So gesehen, müsste man meinen, die Demokraten hätten ein leichtes Spiel. Monatelang hat eine Untersuchungskommission des Repräsentantenhauses die Ereignisse vom 6. Januar untersucht, dabei gegen 1000 Interviews geführt, 140 000 Dokumente gesammelt und gesichtet.
Seit letzten Donnerstag finden in Washington Hearings zum Sturm aufs Kapitol statt.

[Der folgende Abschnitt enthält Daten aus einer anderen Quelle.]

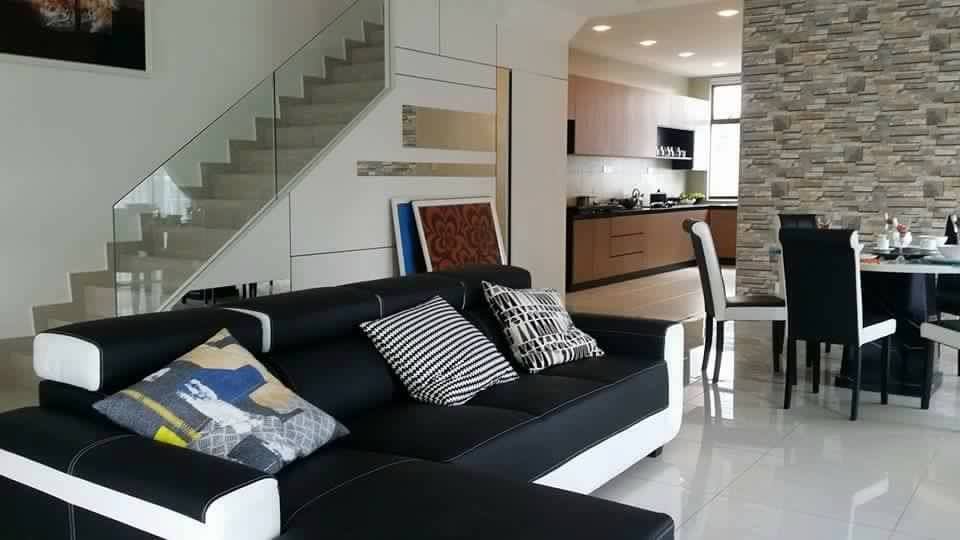 Taman Bestari Indah - KSL Lily image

In sechs Hearings, die alle am Fernsehen live übertragen werden, wollen die Parlamentarier ihre Erkenntnisse nun der Öffentlichkeit vorlegen. Am letzten Donnerstag begann die Show
- Eine Art Mini-Grusel-Series für Trump-Gegner
- Unablässig, über mehrere Tage hinweg, so die Absicht, sollen alle Amerikaner erfahren, wie schlimm Trump doch war. Der Putschist, der Despot
Der Schuss dürfte nach hinten losgehen, ein Rohrkrepierer ist zu befürchten, aus demokratischer Sicht, eine Selbstsprengung der Partei, die derzeit in allen Umfragen unter Druck steht:
- Schon die Einschaltquote ist ambivalent: mit 20 Millionen lag sie zwar deutlich höher als bei sonstigen Hearings des Kongresses
- Aber sie lag tiefer als etwa die jüngste State-of-the-Union-Rede von Joe Biden (38 Millionen). Trumps State-of-the-Union-Auftritte erreichten zwischen 46 und 37 Millionen Zuschauer
Darüber hinaus wiederholten die Demokraten einen Fehler, der ihnen schon bei den zwei Versuchen unterlaufen war, Trump per Impeachment aus dem Amt zu jagen:
- Die Kommission ist sehr einseitig zusammengesetzt: 7 Demokraten, darunter ausgewiesene «Trump-Hasser» wie Adam Schiff, – und bloss 2 Republikaner
- Die beiden Republikaner sind ebenfalls bekannt als Trump-Hasser
- Und jene zwei Vertreter, die die Republikanische Partei vorgeschlagen hatte, wurden abgelehnt – weil sie als Trump-Anhänger galten und die Ereignisse vom 6. Januar skeptisch ansahen
Man tut so, als ob man sich zu Gericht setzte, um über Trumps Verbrechen zu urteilen, doch das Gericht ist ein Känguru-Gericht, ein Tribunal, das sich an keine rechtsstaatlichen Standards hält
- Es gibt keine Verteidigung, nur eine Anklage
- Alles, was der Ausschuss vorbringt, bleibt als «Wahrheit» im Raum stehen
- Die Parlamentarier können behaupten, was sie wollen, kein Beweis wird auf seine Faktentreue oder Plausibilität geprüft. Kein Kreuzverhör eines Zeugen, keine Zeugen einer Verteidigung treten auf
Als ob sie die gröbsten Vorurteile, die man gegen dieses Vorgehen vorbringen könnte, bestätigen wollten, liessen sich die Parlamentarier auch zu grotesken Manipulationen hinreissen:
- Es werden diverse Videos gezeigt, die immer mit dem gleichen Ton unterlegt sind. Der Ton entstammt aber einer einzigen kurzen Szene, wo man die Krawallanten besonders laut und animalisch schreien hört. So entsteht ein falscher Eindruck: Chaos, Lärm, Irrsinn. Es werden Vorfälle mit einem maximal aggressiven Ton untermalt, der gar nicht zu den Bildern gehört
- Bei einem Video, das zeigt, wie die Vandalen sich im Kapitol austoben, hört man im Hintergrund Donald Trump, der sagt: «Das sind gute Leute, sie haben die besten Absichten, ich verstehe sie». Tatsächlich stammt dieser Ton aus einem Interview, das Trump in einem ganz anderen Zusammenhang gegeben hat. Er spricht darin nicht über die Krawallanten, sondern über Leute, die eine seiner Veranstaltungen besucht haben – die sechs Monate später stattfand
Jeder Journalist, jeder Staatsanwalt, der solche Mittel anwendete, würde sofort entlassen.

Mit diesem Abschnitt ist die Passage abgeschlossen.